I didn't think audio processing required that much CPU resources. I recall it barely using a few percentages of CPU back in the day of general AC97-level of hardware. Not sure exactly where I had seen that, but recall it being somewhere around the time of ESS Technology before Creative dominating the market. Obviously CPU performance has increased since then, so it shouldn't require more. Or is this ratcheted up several fold for excessive effects?
My question revolves around what could be done with the remaining fraction of the Tempest CU's throughput, once the system-controlled 3D audio wavefront takes its cut.
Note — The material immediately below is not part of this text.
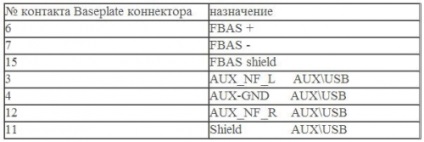 Cum se instalează Internetul combox în bmw e70 - Partea 4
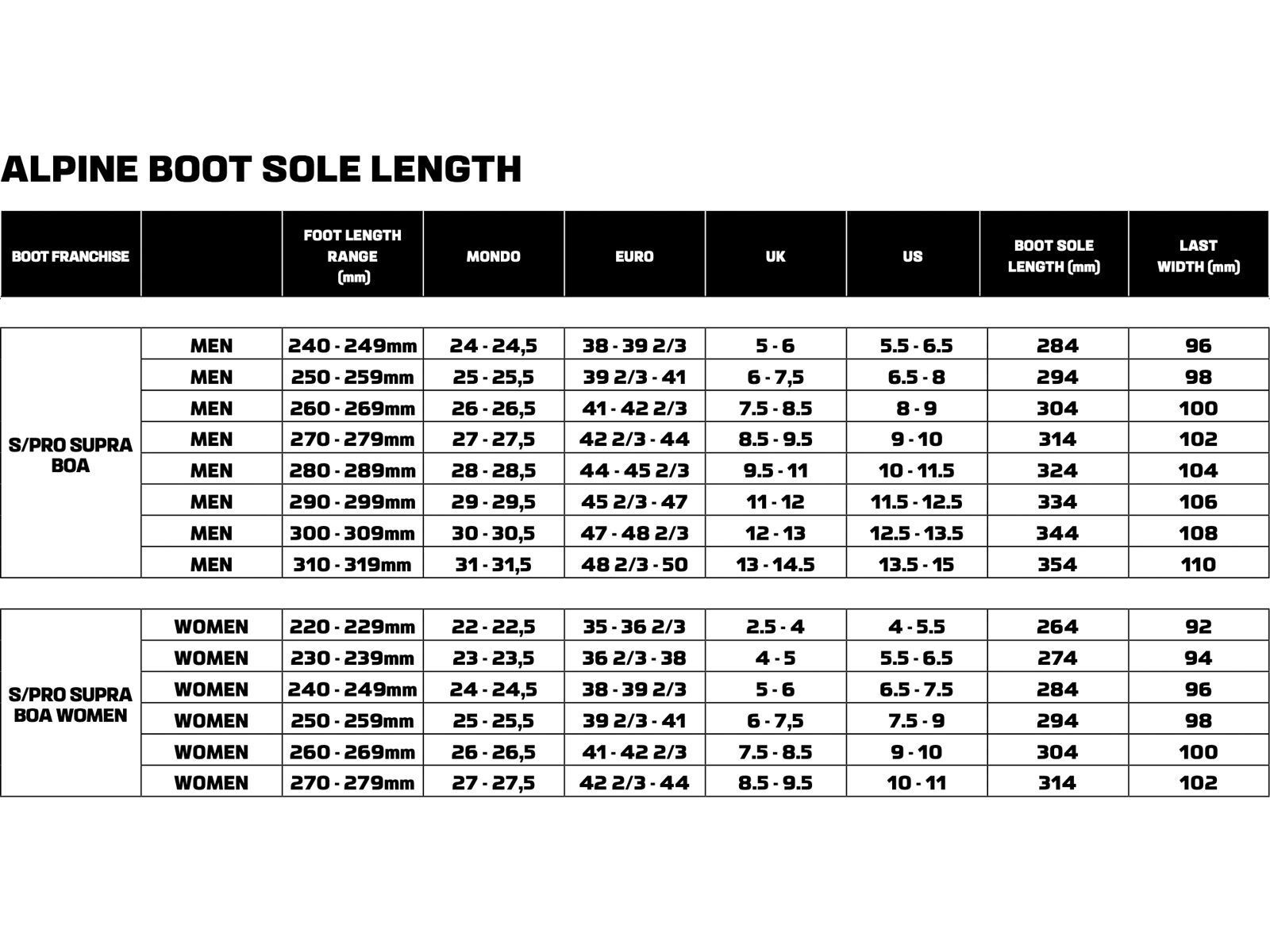 Salomon S/Pro Supra Dual BOA 105 W, black/light bronze met./black - Bild 6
In the case of audio, many of the instances that have been discussed had low consumption.
However, even if a developer did have an audio pipeline that needed a small amount of throughput, does Tempest's form of compute justify the effort to leverage it, particularly if they already have the CPU path?
If audio does get a boost in throughput, it would more quickly reach a ceiling with Tempest than on the CPU. Being forced to straddle Tempest and the CPU if they overwhelm it is a larger headache and source of complexity than staying in the CPU or GPU pool where there's orders of magnitude more capacity.
The CPU would be the most flexible in terms of programmability, and there would be a higher probability that resources would be available to develop and maintain code on the CPU than on a more niche not-GPU DMA-based compute unit.
Audio loads on the GPU would have more total throughput to work with, which may be enough to justify the more constrained programming model.
Tempest has none of the throughput advantages, similar batching requirements, little existing infrastructure or coder pool, and an additional DMA-management consideration for the programmer.
Is there a value-add or hook to using Tempest that can provide a benefit besides its small to rounding-error throughput?
If the question came down to whether a game could reduce some effect by 2%, or find 1% of slack time somewhere in the CPU/GPU, or develop for a tiny compute unit with limited throughput and incompatible model, how often is the last option a winner?